Jeremy Grant, who heads the National Strategy for Trusted Identities in Cyberspace (NSTIC), released recommendations for creating a NSTIC steering committee operated independent of the federal government. However, governments - state, local and federal - will get a seat within the committee.

The 51-page document, titled "Recommendations for Establishing an Identity Ecosystem Governance Structure" calls for creation of the steering group, its structure, representation and coordination with international groups.

"While NSTIC is a government initiative, the Identity Ecosystem it envisions must be led by the private sector," said Grant. "The recommendations we published today lay out a specific path to bring together all NSTIC stakeholders."

The goal of NSTIC, introduced in April 2011, is to create an "identity ecosystem" that provides secure identities for online transactions while limiting the disclosure of personal information. The system calls for both public and private accredited  identity providers and a choice of identity credentials.

The effort does not create a national ID card.

The steering group, expected to be formally established later this spring, will create policies and standards for that identity ecosystem framework as laid out by the NSTIC charter.

The framework includes interoperability standards, risk models, privacy and liability policies, requirements, and accountability mechanisms.

The recommendations document, introduced by NSTIC's stewards - The Department of Commerce and the National Institute of Standards and Technology (NIST) -  lays out in detail suggestions for the steering group's structure, including recommendations for governance models, voting methods, sub committees, stakeholder groups, the use of a consensus-driven process, and the need for openness and transparency.

Once the steering group is in place it is free to accept or reject any or all of the recommendations, which are a product of public input solicited last June by NSTIC.
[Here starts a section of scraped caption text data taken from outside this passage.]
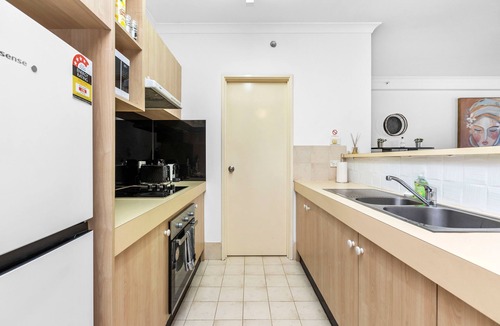 East Perth Apartment | Oversized East Perth 2BR Pool Gym Parking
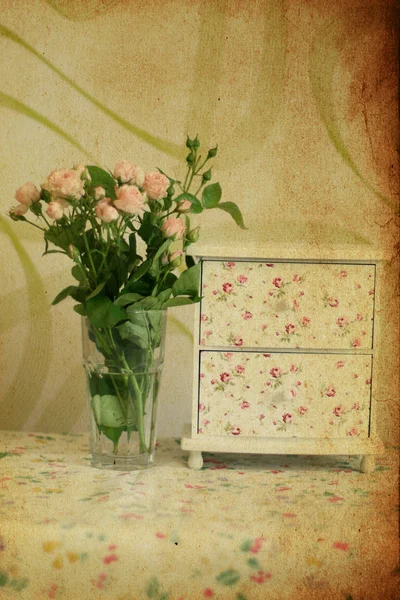 在玻璃花瓶粉色玫瑰 — 图库照片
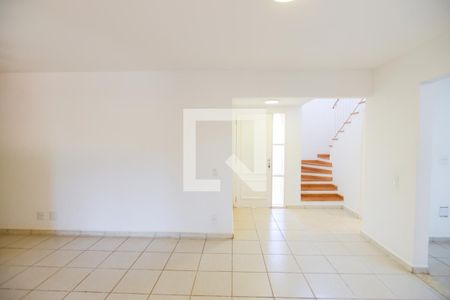 Sala 1 de casa para alugar com 2 quartos, 140m² em Subsetor Sul - 7 (s-7), Ribeirão Preto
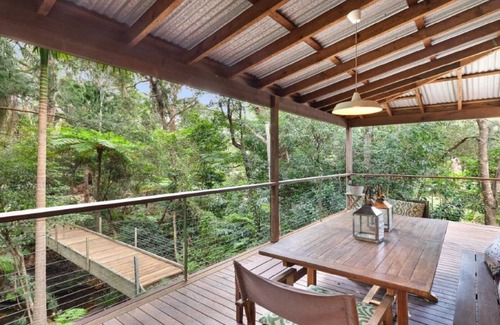Pearl Beach House | Treetops by HolidayCo.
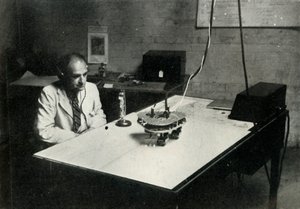 مكتب التحكم في مدرسة للتدريب على الطيران في سلاح الجو الملكي ، 1941. بواسطة تشارلز براون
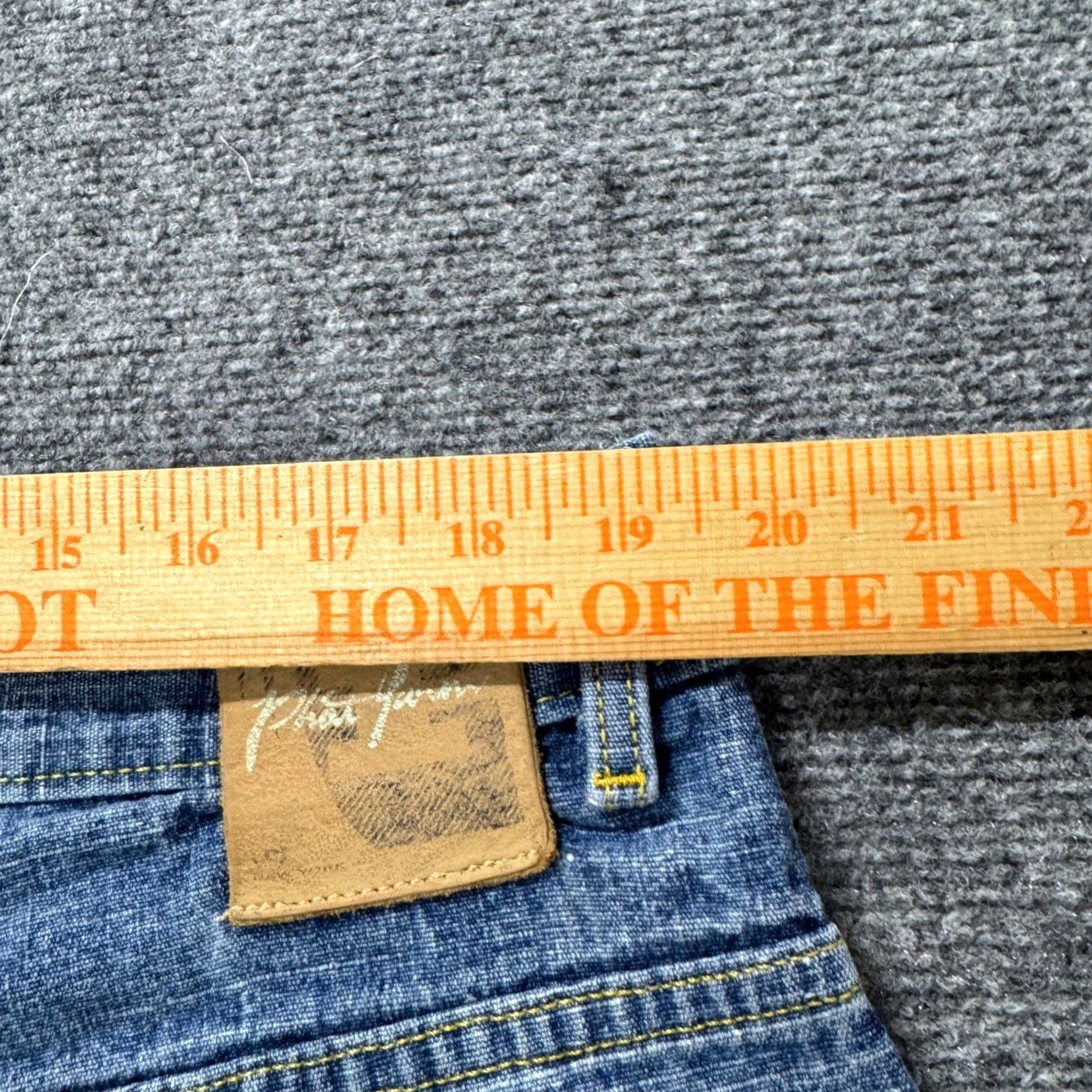 Phat Farm Phat Farm Jeans Men 38x32 Baggy Light Wash Distressed 100% Cotton Blue Jeans Mens Wide-Leg 90s Distressed Style Size US 38 / EU 54 - 6 Thumbnail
The report recommends 14 initial stakeholder groups: Privacy and Civil Liberties; Usability & Human Factors; Consumer Advocates; U.S. Federal Government; U.S. State, Local, Tribal, and Territorial Government; Research; Development & Innovation, Identity & Attribute Providers; Interoperability, Information Technology Infrastructure; Regulated Industries; Small Business & Entrepreneurs; Security; Relying Parties; and Unaffiliated Individuals.
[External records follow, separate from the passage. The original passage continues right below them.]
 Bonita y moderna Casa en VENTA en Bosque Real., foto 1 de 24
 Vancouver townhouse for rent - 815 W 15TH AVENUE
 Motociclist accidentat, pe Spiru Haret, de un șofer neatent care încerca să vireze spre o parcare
NSTIC plans to issue a Federal Funding Opportunity (FFO) in the next two weeks to seed the launch of the steering group and to provide ongoing secretarial, administrative and logistical support. Eventually, the group will have to create a way to self-fund its operation. Recommendations for that effort included transaction, accreditation or membership fees.
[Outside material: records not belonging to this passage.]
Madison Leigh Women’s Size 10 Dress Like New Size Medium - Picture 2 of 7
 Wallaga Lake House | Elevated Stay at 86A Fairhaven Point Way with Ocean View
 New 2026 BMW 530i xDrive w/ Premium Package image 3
Just last week, NSTIC issued $10 million in FFO's to fund five to eight pilots focused on identity projects that support the NSTIC model, and it is currently soliciting proposals to fill those slots.

"Between the new NSTIC pilot program and our plan to help stakeholders create an identity ecosystem steering group, there should be no doubt that 2012 is going to be a big year for NSTIC," said Grant.

NSTIC plans to hold a workshop on March 15 to convene potential stakeholders, review the recommendations and jump-start establishment of the steering group.

It also plans to hold on Feb. 29 at the RSA Security Conference in San Francisco an update session that will feature Howard Schmidt, the White House cybersecurity coordinator.

Topics: Enterprise Software, Government, Government US, Security


John Fontana is a journalist focusing on authentication, identity, privacy and security issues. Currently, he is the Identity Evangelist for strong authentication vendor Yubico, where he also blogs about industry issues and standards work, including the FIDO Alliance.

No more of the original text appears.